İkincisi: Maddi nuraninin akisleridir. Şu akis ayn değil, fakat gayr da değil. Mâhiyeti tutmuyor, fakat o nuraninin ekser hasiyetlerine mâliktir. Onun gibi hayy sayılıyor. Mesela: Şems dünyaya girdi. Her bir âyinede aksini gösterdi. O akislerin her birinde, güneşin hâssaları hükmünde olan ziya ve ziyadaki elvan-ı seb’a bulunuyor.10 Maddi nurani, yanı yarı nurani de diyebiliriz. Mesela, elimizde ayna olsa ve o aynayı güneşe doğru tutsak, aynamızda ısısı, ışığı ve elvan-ı seb’ası ile bir küçük güneş var diyebiliriz. Tamamen aynısı değil, fakat tamamen de gayrısı değil. Ayrıca hayat dardır, fakat aynanın kabiliyeti göstermiyor. Fakat toprak aynası, kıpır kıpır canlı olduğunu ve elvan-ı seb’asını çıkardığı nebatat ile göstermektedir diyebiliriz.

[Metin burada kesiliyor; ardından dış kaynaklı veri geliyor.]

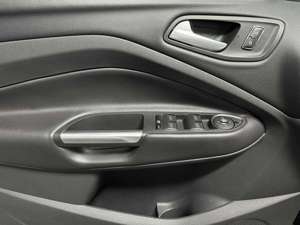 Ford Kuga 2.0 TDCi 4x4 Aut. SYNC Edition Navi*1.HD* Bild 5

Üçüncüsü: Nurani ruhların aksidir. Şu akis, hem hayydır hem aynıdır. Fakat âyinelerin kabiliyeti nispetinde tezahür ettiğinden, o ruhun mâhiyet-i nefsü’l-emriyesini tamamen tutmuyor. Meselâ: Hazret-i Cebrail Aleyhisselâm, Dıhye suretinde huzur-u Nebevide bulunduğu bir anda, huzur-u İlahide haşmetli kanatlarıyla, Arş-ı A’zam’ın önünde secdeye gider.11 Ruhaniyet nuranidir. Bir şekil ve cesettle mukayyet değildir. Sâdece temessül ettiği varlığın şeklini kolayca alabilirler. Tabi o aynanın kabiliyetine göre. Mesela Hazret-i Cebrail’in, Dıhye (ra) suretinde gelmesi, nurani bir ruhaninin maddi ceset giymesi, sâdece temessüldür. Yoksa asıl itibariyle değildir. Onun için nefsü’l-emriyesi tam tutmuyor.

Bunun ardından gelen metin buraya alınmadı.